Single by Wah! Heat
- B-side: "Hey (Disco) Joe"
- Released: 1979
- Recorded: Liverpool
- Genre: Post-punk
- Length: 8:03
- Label: Inevitable Music
- Songwriter: Pete Wylie

Wah! Heat singles chronology
|  | "Better Scream" (1979) | "Seven Minutes to Midnight" (1980) |

= Better Scream =

"Better Scream" is the debut 7" single released by the first band incarnation of Pete Wylie, Wah! Heat after being a member of the short-lived Crucial Three and the Mystery Girls. It was also Wylie's third serious project (the first being the heavily funded but short-lived Liverpool super group English Opium Eaters with future Lightning Seeds leader Ian Broudie, future Frankie Goes to Hollywood dancer Paul Rutherford on lead vocals, and future Siouxsie and the Banshees drummer Budgie). When the English Opium Eaters collapsed due to musical differences, Wylie then joined local band Crash Course but left taking drummer Rob Jones with him. Wah! Heat was formed in late 1979.

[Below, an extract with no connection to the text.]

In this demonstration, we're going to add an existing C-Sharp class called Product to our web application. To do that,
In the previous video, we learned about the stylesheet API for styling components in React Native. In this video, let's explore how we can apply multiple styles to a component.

The original band consisted during this time of Pete Wylie on vocals and guitar, Rob Jones on drums and former Those Naughty Lumps' guitarist Pete Younger on bass. By the time the single was recorded, Mick Jones (no relative) had joined on keyboards.

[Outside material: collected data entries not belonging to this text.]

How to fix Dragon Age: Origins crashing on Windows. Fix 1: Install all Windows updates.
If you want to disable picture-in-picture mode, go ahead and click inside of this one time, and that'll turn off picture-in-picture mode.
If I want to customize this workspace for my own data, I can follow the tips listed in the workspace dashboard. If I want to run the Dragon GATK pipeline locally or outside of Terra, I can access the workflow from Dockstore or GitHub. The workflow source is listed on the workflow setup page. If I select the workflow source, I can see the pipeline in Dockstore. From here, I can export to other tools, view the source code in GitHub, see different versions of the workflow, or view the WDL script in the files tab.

"Better Scream" was first released in late 1979, and in February 1980 was reviewed the same week as Wylie's former colleague Julian Cope released his third single "Treason" with the Teardrop Explodes. "Better Scream" received critical acclaim by the British press and magazines like Sounds and the NME. John Peel also noticed the band, and was so impressed by their 7" debut that he invited them to record their first Peel Session in late spring 1980.